# My new MC Operator



## Shipwreck (Jan 26, 2006)

OK - I picked this up today. It was a tossup between a new Kimber SIS or the MC Operator from Springfield. I went with the Operator. I've been 1911-less for a while now...










I have had a few Springfields over the years - the last being a TRP. I was very disappointed with the accuracy of that TRP (which I no longer have). However - this MC Operator is spot on. I was SUPER impressed with it when I was on the range today.

The thing is super tight. The dealer told me that they got 3 in last month, and they has 2 left. 2 of the 3 were SUPER tight - as tight as the Nighthawks they have forsale - they claimed. I picked the one that was the tightest. In fact - it was difficult to pull the slide back at first - and I started to wonder if I should get the looser one.

But, I did go with the one I initially picked out. Not a mark on the gun either... And, its been a long time since I fooled with a GI guiderod setup, as most of my 1911s have always had FLGR's.

Anyway - I am very happy with my choice. In order to do it - I had to promise my wife that I'd get no more guns for the next 12 months. And, I still have to finish paying this one off with my gun allowance and upcoming Christmas present money 

Hopefully, this will help me get over the "next gun obsession I always seem to be suffering from.


----------



## Shipwreck (Jan 26, 2006)

I always thought that if I got one of these - I'd put these version of the pachmeyer grips on it - it looks awesome:










However - I've had 1911s with Hogue grips with fingergrooves before - as well as a Beretta 92 with them once. I never got hooked onto grips with fingergrooves.

So, despite looking awesome, I'm gonna stick with the stock grips.


----------



## sniper350 (Jan 6, 2007)

Sweet looking 1911 !! I use the grips you have pictured with the finger grooves and I love them. I do however, change the MSH unit to the Arched design. I like the way it forces a high hold on the weapon, without much effort on my part. YMMV !

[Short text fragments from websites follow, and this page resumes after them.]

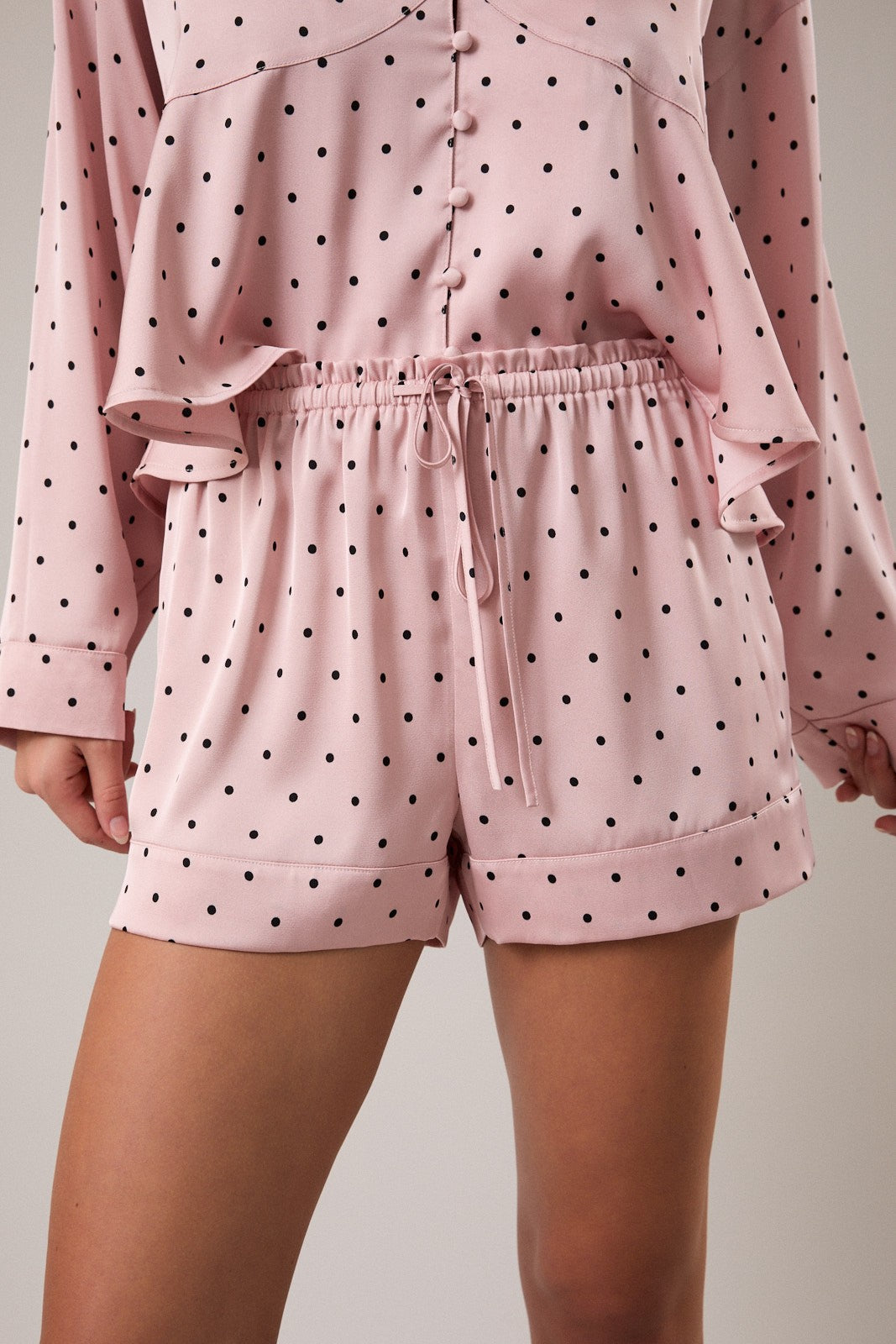 Pink Satin Polka Dot Pajamas Set of 2 - Clothe Boutique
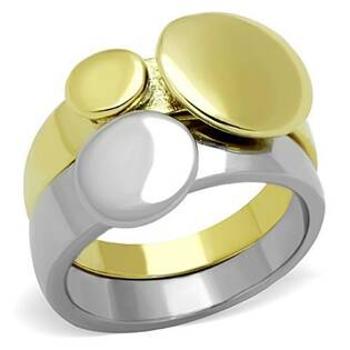 Šperky4U Dvojitý zlacený/lesklý ocelový prsten - velikost 55 - AL-0084-55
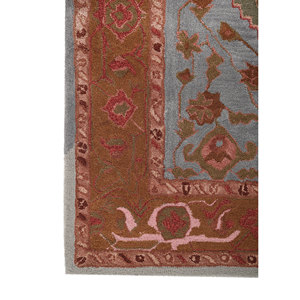 Alfombra de Lana y Viscosa Tejida a Mano Estilo Kasbah, Rectangular, con Medallón Rojo Naranja, para Pasillo, Uso Doméstico - Alfombras Jaipur Modelo Americano Tnq-637(Rmr) - Product Image 4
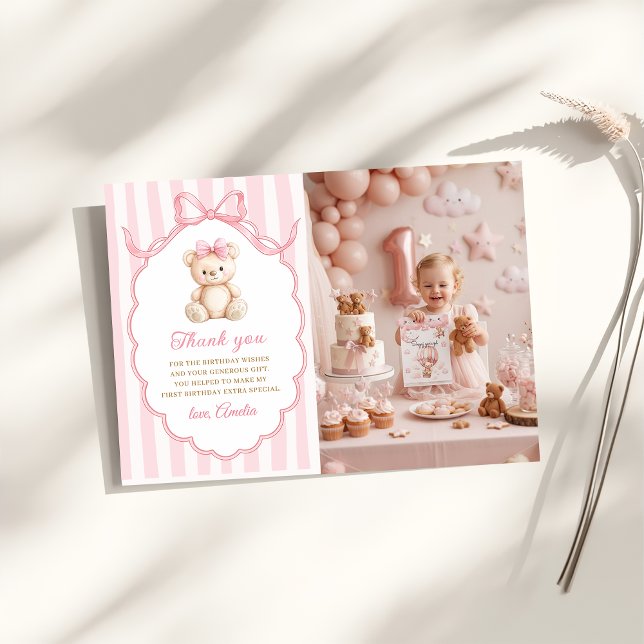 Teddybjörn Flicka Rosa Rosett Ränder 1-årsdag Tack Kort (Skapare uppladdad)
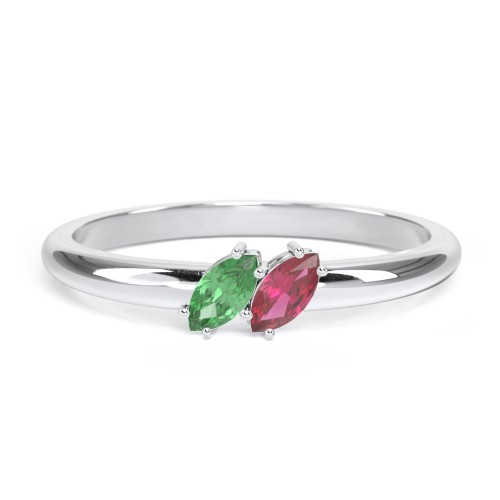 2 Stone Marquise Ring – Sterling Silver with Emerald and Ruby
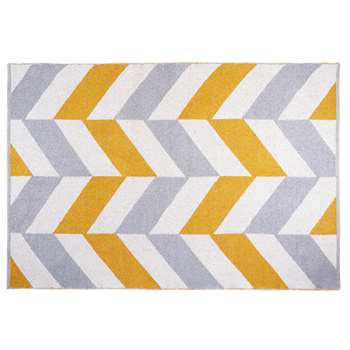 JOY Graphic Grey and Yellow Cotton Rug (120 x 180cm)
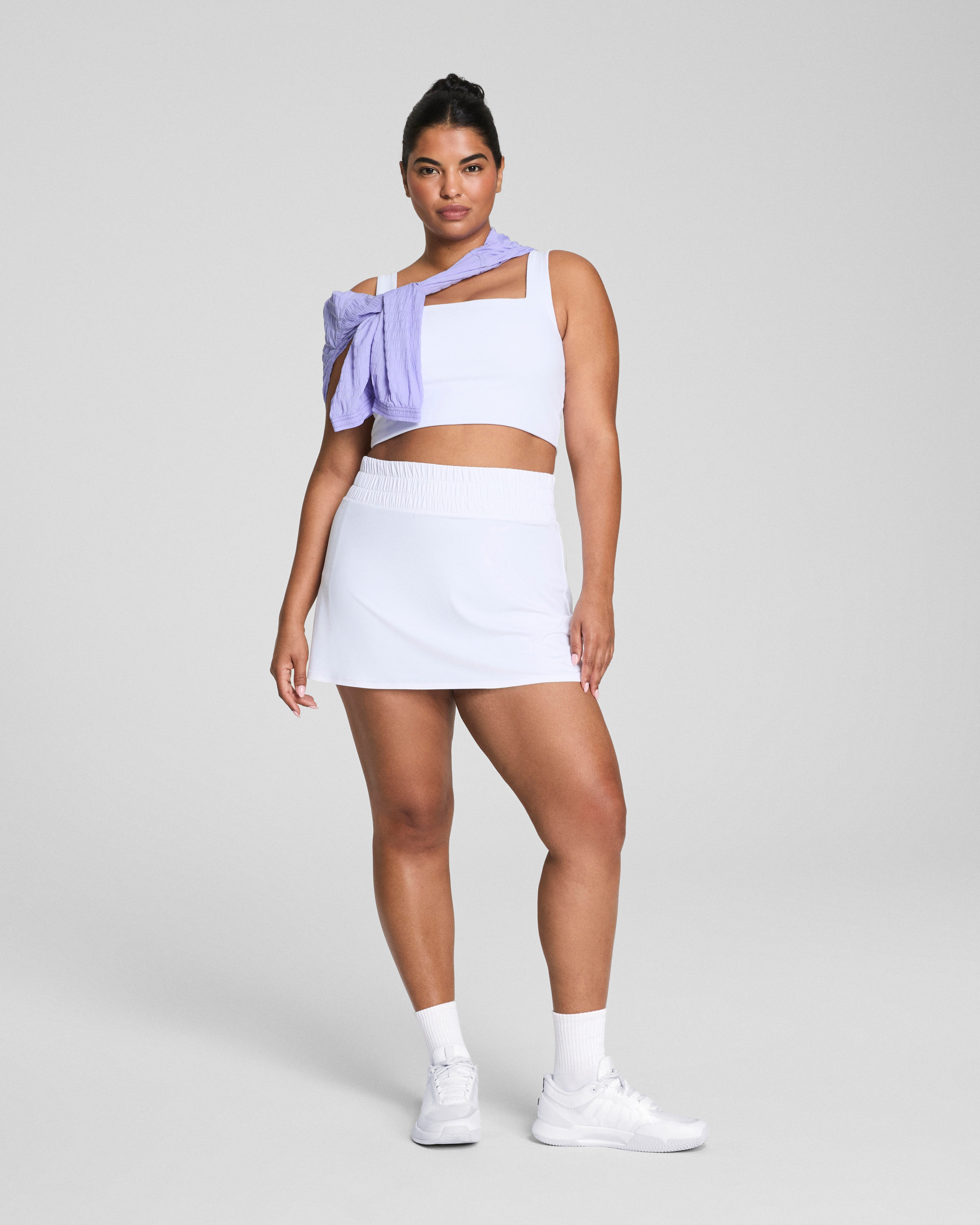 SPANX® Get Moving Cropped Square Neck Shelf Tank | Vivid White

This pistol will hold your attention for at least a year -smile- there are all kinds of customizing you can do to keep you interested.

Since you have been away from the design for awhile ........first order of business is to learn to completely strip the weapon in under 2 minutes - down to the last small pin. Not really hard to do , but you would be surprised at how many owners are afraid to go past the field strip phase.
JB,s design is simple and eligant .............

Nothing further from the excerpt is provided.